Problem: Copy out the lines below that hold the word "only".

### Data for analysis ###

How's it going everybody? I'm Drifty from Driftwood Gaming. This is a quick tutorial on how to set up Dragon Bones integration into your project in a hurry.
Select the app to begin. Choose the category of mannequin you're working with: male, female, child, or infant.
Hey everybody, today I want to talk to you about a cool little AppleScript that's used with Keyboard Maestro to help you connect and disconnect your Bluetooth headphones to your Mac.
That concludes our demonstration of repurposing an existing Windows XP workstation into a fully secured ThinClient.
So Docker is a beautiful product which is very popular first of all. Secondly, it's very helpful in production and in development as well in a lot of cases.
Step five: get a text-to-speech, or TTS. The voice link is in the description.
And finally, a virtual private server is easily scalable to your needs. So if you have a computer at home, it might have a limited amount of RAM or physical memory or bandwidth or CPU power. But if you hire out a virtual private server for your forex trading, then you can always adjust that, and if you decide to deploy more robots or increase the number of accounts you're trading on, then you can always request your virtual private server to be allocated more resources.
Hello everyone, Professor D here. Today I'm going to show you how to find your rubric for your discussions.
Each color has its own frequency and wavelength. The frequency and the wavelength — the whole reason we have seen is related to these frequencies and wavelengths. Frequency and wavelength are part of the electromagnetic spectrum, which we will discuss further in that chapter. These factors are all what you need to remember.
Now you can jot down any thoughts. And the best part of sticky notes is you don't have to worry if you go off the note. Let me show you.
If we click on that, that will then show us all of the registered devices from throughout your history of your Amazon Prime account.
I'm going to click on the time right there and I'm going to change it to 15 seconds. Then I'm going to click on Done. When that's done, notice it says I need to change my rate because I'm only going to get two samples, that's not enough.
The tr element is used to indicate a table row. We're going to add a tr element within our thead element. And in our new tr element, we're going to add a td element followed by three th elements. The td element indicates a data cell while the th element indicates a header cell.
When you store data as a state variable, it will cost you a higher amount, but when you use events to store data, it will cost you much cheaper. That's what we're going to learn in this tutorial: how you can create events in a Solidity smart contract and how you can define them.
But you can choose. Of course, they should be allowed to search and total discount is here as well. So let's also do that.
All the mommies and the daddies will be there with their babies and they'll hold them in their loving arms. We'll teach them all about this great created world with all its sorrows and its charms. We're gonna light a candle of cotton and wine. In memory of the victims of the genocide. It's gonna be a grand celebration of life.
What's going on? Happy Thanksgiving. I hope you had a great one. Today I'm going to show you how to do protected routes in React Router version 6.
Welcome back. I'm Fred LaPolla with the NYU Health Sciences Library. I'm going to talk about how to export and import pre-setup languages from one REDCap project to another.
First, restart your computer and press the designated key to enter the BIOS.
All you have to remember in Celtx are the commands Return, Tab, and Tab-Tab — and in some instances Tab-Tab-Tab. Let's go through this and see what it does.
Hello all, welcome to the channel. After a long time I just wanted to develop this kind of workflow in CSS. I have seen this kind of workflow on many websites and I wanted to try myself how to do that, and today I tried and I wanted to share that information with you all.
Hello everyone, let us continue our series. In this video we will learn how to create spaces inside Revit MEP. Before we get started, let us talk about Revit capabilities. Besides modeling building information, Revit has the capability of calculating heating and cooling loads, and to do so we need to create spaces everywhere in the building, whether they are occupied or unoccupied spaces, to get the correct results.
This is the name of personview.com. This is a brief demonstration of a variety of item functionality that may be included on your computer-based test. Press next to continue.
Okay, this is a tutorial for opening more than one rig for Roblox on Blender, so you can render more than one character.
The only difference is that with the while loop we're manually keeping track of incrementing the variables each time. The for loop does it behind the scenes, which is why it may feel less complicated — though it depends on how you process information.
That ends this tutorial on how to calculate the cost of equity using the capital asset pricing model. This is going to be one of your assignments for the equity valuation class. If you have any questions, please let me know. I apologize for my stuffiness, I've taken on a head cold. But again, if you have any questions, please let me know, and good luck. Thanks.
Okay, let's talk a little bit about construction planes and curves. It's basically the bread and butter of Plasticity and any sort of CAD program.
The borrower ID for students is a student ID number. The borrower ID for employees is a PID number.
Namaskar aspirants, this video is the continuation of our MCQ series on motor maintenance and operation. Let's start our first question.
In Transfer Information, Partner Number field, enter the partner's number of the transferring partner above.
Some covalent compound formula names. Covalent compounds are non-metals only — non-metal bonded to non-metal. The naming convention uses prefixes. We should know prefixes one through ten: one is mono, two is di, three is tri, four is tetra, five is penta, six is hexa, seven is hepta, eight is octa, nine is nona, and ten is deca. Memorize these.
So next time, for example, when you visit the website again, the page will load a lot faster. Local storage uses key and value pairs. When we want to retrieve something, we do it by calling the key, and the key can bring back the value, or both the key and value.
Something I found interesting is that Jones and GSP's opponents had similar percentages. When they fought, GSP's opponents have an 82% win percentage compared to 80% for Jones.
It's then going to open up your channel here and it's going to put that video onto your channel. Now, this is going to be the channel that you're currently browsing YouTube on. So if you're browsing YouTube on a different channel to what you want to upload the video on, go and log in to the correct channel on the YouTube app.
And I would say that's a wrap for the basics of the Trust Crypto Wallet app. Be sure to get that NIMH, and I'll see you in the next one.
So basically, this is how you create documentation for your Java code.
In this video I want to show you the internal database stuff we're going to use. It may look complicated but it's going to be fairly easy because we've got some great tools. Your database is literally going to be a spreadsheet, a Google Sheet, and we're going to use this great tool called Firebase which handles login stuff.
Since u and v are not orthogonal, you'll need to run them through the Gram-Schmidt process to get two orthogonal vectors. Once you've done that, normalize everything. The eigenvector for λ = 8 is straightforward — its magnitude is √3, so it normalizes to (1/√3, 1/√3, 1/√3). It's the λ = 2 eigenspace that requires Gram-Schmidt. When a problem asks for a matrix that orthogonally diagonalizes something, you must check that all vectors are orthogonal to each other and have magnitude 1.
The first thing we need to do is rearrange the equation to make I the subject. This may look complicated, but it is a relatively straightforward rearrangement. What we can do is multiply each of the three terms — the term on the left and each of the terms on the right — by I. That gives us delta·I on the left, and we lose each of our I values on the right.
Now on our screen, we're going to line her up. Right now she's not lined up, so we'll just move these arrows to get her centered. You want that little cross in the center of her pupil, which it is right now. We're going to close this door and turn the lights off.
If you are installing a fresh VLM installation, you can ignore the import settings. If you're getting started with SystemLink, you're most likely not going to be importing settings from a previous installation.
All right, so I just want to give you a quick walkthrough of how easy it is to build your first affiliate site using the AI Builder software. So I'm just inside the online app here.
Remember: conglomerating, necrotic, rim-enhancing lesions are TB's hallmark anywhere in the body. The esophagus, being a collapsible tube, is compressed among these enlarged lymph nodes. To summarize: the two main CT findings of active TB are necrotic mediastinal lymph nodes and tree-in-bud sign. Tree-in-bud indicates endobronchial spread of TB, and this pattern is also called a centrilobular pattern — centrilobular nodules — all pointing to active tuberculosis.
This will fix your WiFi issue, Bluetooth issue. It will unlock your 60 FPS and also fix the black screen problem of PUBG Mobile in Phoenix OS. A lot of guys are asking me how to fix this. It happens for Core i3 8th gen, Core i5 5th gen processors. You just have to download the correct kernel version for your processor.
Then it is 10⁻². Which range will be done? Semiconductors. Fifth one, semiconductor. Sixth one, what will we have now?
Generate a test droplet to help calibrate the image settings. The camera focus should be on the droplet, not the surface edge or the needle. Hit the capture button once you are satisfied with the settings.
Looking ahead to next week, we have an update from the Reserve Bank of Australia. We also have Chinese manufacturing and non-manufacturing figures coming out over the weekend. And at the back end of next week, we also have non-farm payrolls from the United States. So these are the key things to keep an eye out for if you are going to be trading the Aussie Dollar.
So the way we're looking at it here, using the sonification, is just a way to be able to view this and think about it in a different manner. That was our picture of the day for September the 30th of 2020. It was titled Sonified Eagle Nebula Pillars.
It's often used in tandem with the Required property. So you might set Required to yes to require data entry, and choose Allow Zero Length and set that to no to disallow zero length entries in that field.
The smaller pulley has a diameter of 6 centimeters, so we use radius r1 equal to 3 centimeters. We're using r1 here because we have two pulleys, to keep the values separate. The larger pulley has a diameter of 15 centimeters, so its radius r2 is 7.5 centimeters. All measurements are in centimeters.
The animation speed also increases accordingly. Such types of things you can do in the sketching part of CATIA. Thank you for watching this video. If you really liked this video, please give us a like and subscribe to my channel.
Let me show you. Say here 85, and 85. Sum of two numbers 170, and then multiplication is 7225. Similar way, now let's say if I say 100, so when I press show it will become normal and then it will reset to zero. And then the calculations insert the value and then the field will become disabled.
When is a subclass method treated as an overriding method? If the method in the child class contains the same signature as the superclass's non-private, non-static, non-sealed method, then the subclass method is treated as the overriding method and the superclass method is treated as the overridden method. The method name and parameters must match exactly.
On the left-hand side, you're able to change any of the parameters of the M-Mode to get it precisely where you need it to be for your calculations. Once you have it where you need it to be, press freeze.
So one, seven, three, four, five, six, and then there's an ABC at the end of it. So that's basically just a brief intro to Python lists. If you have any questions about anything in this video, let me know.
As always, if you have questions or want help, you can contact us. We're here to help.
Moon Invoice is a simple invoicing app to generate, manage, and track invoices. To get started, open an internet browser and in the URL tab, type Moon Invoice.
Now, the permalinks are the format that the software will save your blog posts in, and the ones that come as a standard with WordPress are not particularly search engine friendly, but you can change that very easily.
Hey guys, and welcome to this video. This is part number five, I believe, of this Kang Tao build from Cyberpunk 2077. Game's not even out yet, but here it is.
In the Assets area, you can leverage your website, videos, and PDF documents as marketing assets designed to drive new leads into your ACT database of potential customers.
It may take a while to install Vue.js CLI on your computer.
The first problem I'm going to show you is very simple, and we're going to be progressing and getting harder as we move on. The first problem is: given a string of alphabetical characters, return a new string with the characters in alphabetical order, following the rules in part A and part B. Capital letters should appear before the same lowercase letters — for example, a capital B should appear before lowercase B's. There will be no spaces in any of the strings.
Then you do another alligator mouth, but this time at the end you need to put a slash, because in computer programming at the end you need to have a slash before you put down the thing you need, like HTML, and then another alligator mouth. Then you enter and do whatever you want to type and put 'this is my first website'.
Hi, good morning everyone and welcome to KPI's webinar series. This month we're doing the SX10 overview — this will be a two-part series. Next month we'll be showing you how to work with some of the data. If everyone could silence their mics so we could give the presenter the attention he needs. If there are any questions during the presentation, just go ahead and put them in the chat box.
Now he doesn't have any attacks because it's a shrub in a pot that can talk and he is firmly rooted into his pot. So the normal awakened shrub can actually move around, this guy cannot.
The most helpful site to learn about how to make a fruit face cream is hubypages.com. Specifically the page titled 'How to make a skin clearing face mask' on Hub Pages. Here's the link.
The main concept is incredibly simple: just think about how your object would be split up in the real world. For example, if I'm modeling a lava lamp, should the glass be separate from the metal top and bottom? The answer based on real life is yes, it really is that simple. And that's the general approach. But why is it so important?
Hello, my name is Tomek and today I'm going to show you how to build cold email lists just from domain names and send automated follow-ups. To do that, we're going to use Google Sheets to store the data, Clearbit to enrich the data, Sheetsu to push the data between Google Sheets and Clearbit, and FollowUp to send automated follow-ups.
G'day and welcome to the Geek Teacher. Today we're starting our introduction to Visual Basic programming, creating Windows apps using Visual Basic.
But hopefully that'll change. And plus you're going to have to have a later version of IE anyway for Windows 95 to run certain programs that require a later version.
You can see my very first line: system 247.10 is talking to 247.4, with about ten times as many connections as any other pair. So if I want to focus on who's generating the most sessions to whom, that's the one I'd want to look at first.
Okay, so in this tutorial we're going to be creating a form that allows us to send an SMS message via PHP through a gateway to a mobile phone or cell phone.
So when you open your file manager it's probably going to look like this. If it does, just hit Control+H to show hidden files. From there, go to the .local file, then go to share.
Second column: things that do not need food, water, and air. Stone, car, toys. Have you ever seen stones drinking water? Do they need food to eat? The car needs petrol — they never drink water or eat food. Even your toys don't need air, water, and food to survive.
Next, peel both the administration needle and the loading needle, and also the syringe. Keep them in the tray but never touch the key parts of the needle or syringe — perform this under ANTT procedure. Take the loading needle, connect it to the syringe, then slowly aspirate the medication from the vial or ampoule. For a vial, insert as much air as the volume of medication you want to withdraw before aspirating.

###

Answer section:
I'm going to click on the time right there and I'm going to change it to 15 seconds. Then I'm going to click on Done. When that's done, notice it says I need to change my rate because I'm only going to get two samples, that's not enough.
The only difference is that with the while loop we're manually keeping track of incrementing the variables each time. The for loop does it behind the scenes, which is why it may feel less complicated — though it depends on how you process information.
Some covalent compound formula names. Covalent compounds are non-metals only — non-metal bonded to non-metal. The naming convention uses prefixes. We should know prefixes one through ten: one is mono, two is di, three is tri, four is tetra, five is penta, six is hexa, seven is hepta, eight is octa, nine is nona, and ten is deca. Memorize these.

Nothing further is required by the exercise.